Alaska Senator Lisa Murkowski is the latest official to push the Commerce Department to revise its definition of "crude oil," hoping to see condensate removed from the definition. This is primarily centered on circumventing a ban on exporting crude, and with several other government agencies' definitions excluding condensate, it is a case that has a lot of momentum.
The Commerce Department has already offered permission to two companies in the Eagle Ford to export condensate produced there, also suggesting that a simple revision of the Commerce Department's definition to allow wholesale export by all companies there is a logical next step.
The condensate push
The push to get condensate redefined is not exactly new, though it seems to be getting a lot of new momentum in recent months.

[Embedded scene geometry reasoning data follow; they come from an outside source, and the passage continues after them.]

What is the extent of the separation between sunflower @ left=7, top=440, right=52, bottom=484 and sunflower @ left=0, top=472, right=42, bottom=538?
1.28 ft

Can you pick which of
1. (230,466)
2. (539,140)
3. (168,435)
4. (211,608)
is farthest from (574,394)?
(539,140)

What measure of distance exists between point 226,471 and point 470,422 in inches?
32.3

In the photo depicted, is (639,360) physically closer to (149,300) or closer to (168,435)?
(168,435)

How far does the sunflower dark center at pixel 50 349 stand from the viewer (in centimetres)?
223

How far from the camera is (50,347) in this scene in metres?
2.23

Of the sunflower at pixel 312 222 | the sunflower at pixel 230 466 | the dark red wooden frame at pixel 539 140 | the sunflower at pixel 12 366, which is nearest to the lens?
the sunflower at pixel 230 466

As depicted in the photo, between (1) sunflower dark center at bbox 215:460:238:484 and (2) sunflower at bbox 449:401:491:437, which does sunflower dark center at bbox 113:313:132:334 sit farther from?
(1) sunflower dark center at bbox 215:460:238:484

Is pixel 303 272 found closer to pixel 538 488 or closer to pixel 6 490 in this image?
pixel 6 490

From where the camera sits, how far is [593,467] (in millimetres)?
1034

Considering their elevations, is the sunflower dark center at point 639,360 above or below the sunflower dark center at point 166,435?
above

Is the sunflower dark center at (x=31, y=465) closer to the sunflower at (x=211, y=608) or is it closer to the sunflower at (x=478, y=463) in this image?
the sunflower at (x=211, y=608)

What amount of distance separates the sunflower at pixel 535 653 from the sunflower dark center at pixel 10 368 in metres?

The ultralight condensates are a byproduct of the growing use of shale oil, and while Canada has been cashing in on its own condensate industry, the US has so far struggled with oversupply and no way to export the excess, keeping the price lower than it ought to be.
It's not just the relatively small condensate industry that is behind this change, either, as many see this as the next step in a trend toward lifting the ban on crude exports entirely, one which may make increasing economic sense as US oil production continues to increase, and the price difference between WTI and Brent Crude makes exports more lucrative.
Right now, the Eagle Ford formation is the most developed oil producing region which is giving off large amounts of condensate as a byproduct, and so we will look at the largest companies operating here as the most likely to benefit from such a revision in the law, and the inevitable increase in condensate prices that will follow.
The big four
EOG Resources (EOG -1.72%) is likely more familiar to most people under its former name, Enron Oil and Gas. The company split off from Enron itself in 1999, before the latter's historic collapse. EOG Resources is the largest producer in the Eagle Ford by a considerable margin, and also has a big play in North Dakota's Bakken Shale, another good source of condensate.
The second largest Eagle Ford producer is Chesapeake Energy (CHKA.Q), a company which has deep interests not only in the Eagle Ford, but in several other shale production fields, including at the Chesapeake Granite Wash Trust (CHKR 0.02%). The company seems perhaps the closest of the bunch to a pure play in condensate production.
The third largest producer is Burlington Resources, a subsidiary of ConocoPhillips (COP -2.40%), and the fourth largest, narrowly behind them, is another major global player, Marathon Oil (MRO).
By the numbers
EOG Resources is the biggest play, but also the priciest, trading at 3.95 times book. That's hardly cheap, but it is a well-run company with a nice 15.87% return on equity.
Chesapeake Energy has worse margins, with a 5.70% profit margin (compared to EOG Resources' 15.36%) and a 6.90% return on equity. That's perhaps to be expected with such deep interests in shale oil production. It's trading at 1.40 times book, and offers 1.10% dividend yield.
ConocoPhillips also looks cheap by comparison, at 1.98 times book. It has a return on equity that is comparable to EOG Resources at 15.81%. It also pays the best dividend of the bunch, at a 3.20% yeild.
Marathon Oil is no slouch either, at only 1.36 times book. It has the highest profit margin at 17.79%, and pays a decent dividend yielding 1.90%.
In conclusion
Condensate exports are already starting with the Commerce Department's first waivers, and a full-scale export industry seems only a matter of time, meaning condensate prices in the US should soon be more closely in line with the rest of the world.
That's good news for all of these companies, but perhaps most of all for Chesapeake Energy, which is so heavily involved in shale production and could really see some improved margins. ConocoPhillips and Marathon are both worth considering as value propositions in their own right, while in my opinion EOG Resources is simply too expensive right now to consider this an entry point, compared to the cheaper alternatives.